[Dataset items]
^^^^^^^^^^^^^^^^

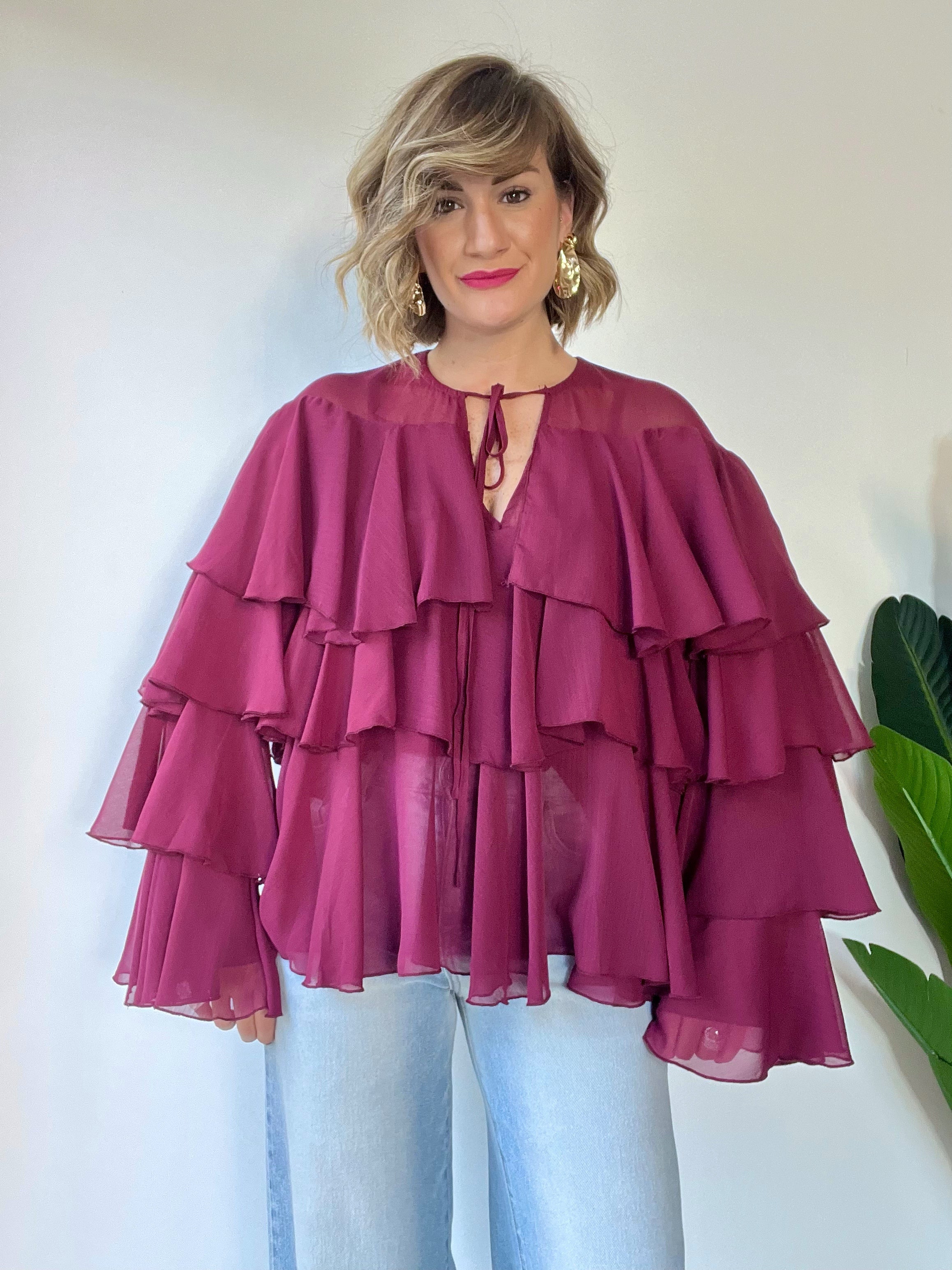 Camicia oversize a balze bordeaux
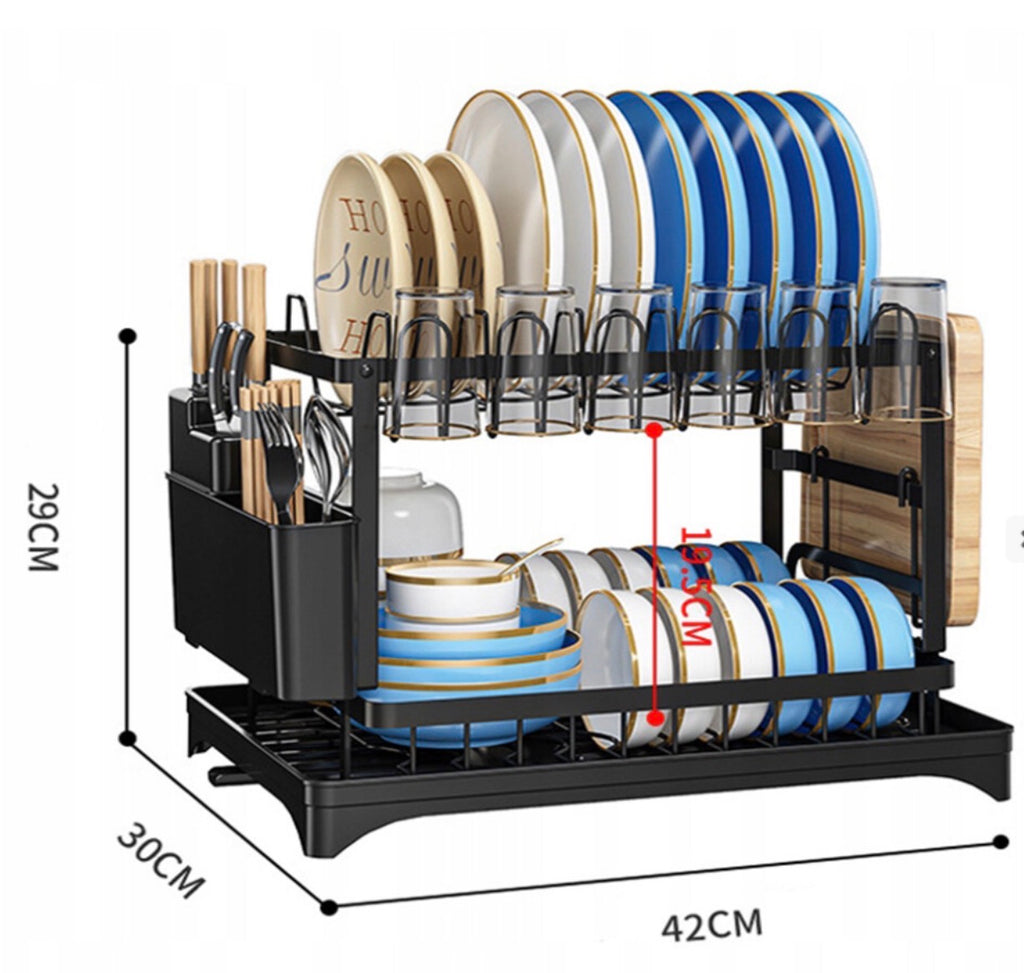 2 Tier Dish Drainer Rack with Drip Tray Cutlery Holder Plate Rack Kitchen Sink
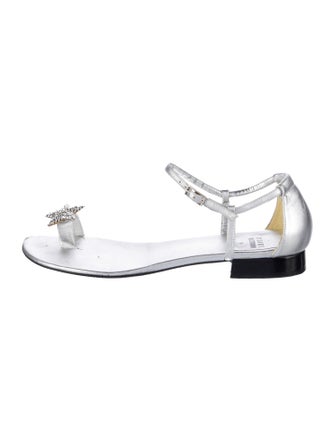 Stuart Weitzman Silver Leather Sandals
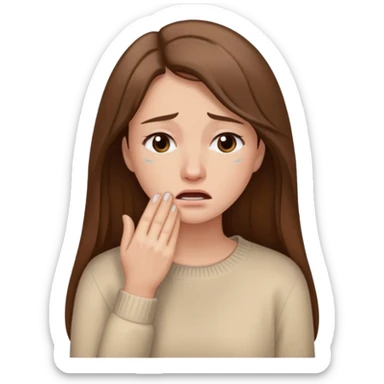 Woman with long brown hair crying, light beige sweater sticker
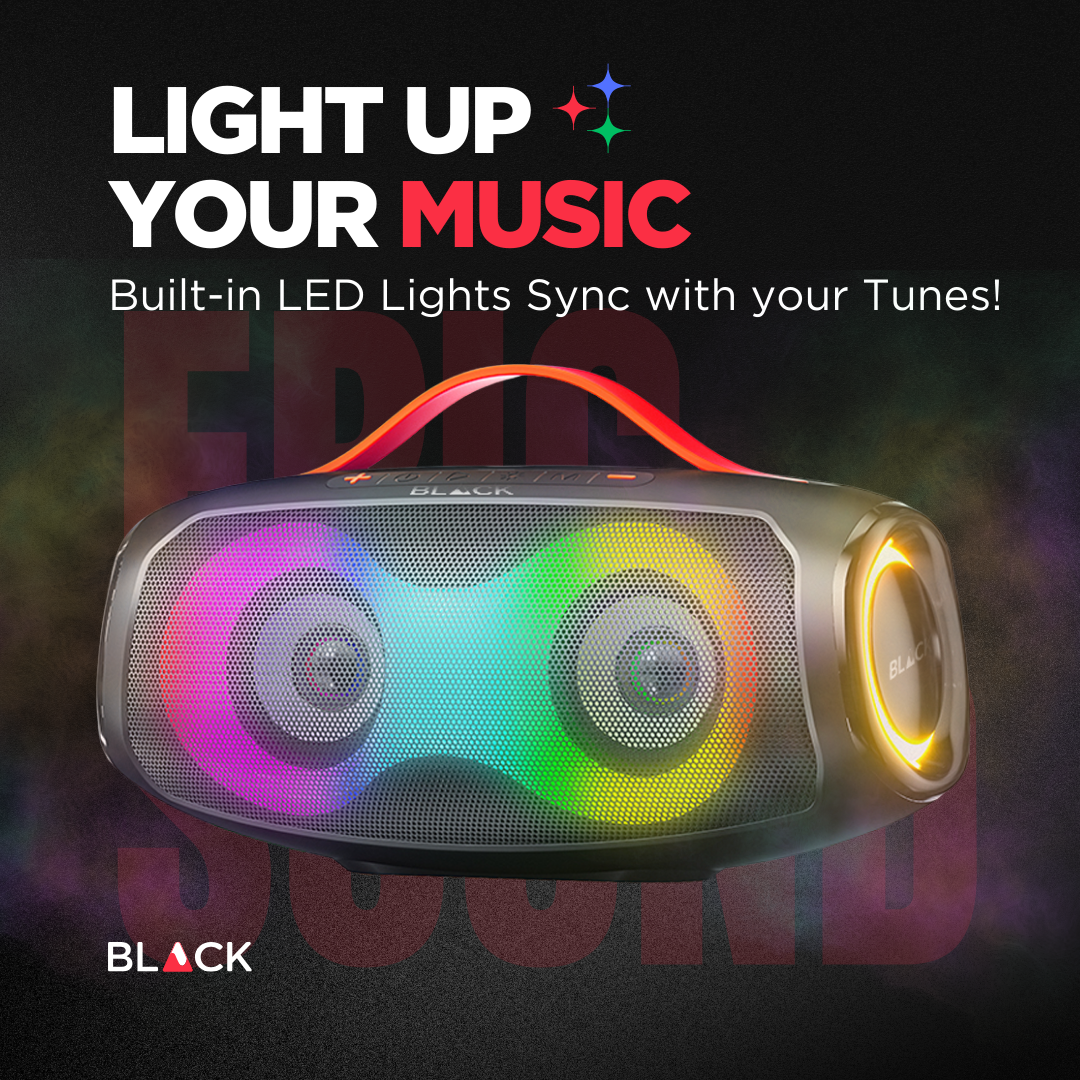 BLACK BassDrum 3 Wireless Bluetooth Speaker, 40W, Up to 9H Playtime, 1 Yr Warranty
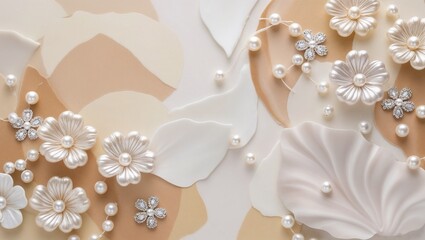 진주 장식이 있는 베이지와 화이트톤의 배경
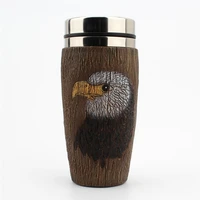 wooden barrel mug cup eagle resin stainless steel beer mug goblet game tankard coffee cup hawk animal wine drink mugs gift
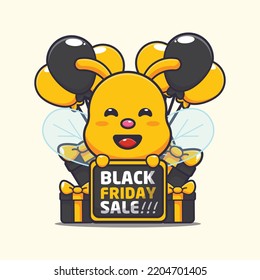 cute bee in black friday cartoon illustration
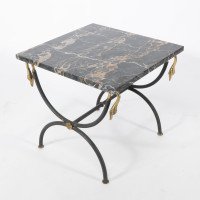 Maison Jansen. A Black Marble Top with Gold & Silver Veins Coffee Table - Thumbnail 2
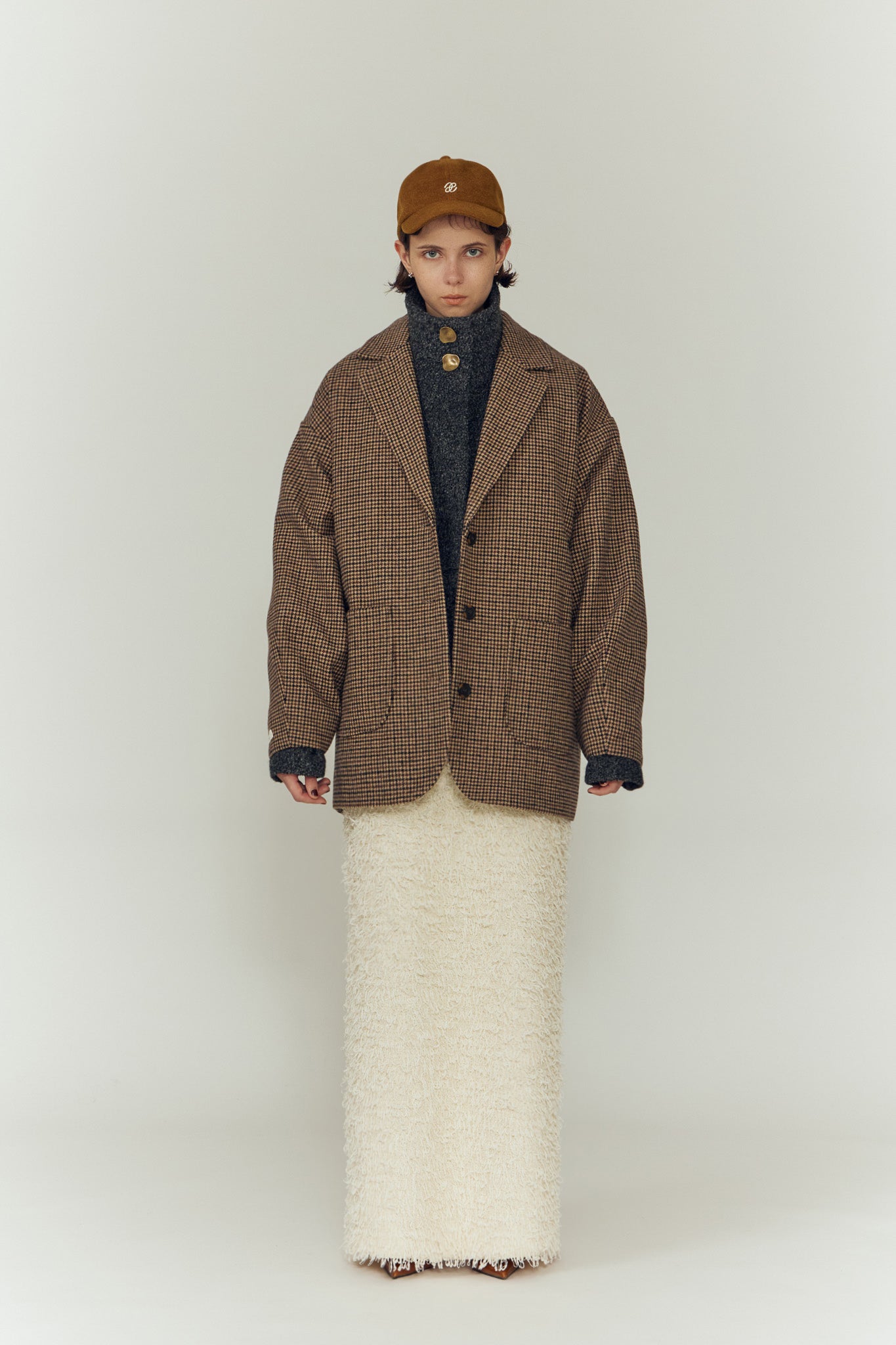 WOOL LIKE CHECK JACKET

^^^^^^^^^^^^^^^^

## Work instruction
Nothing but the lines from the line holding "BLACK BassDrum 3" through the last line of the entries above is to be reproduced, exactly and without pictures.

## Response area
 BLACK BassDrum 3 Wireless Bluetooth Speaker, 40W, Up to 9H Playtime, 1 Yr Warranty
 진주 장식이 있는 베이지와 화이트톤의 배경
 wooden barrel mug cup eagle resin stainless steel beer mug goblet game tankard coffee cup hawk animal wine drink mugs gift
 cute bee in black friday cartoon illustration
 Maison Jansen. A Black Marble Top with Gold & Silver Veins Coffee Table - Thumbnail 2
 WOOL LIKE CHECK JACKET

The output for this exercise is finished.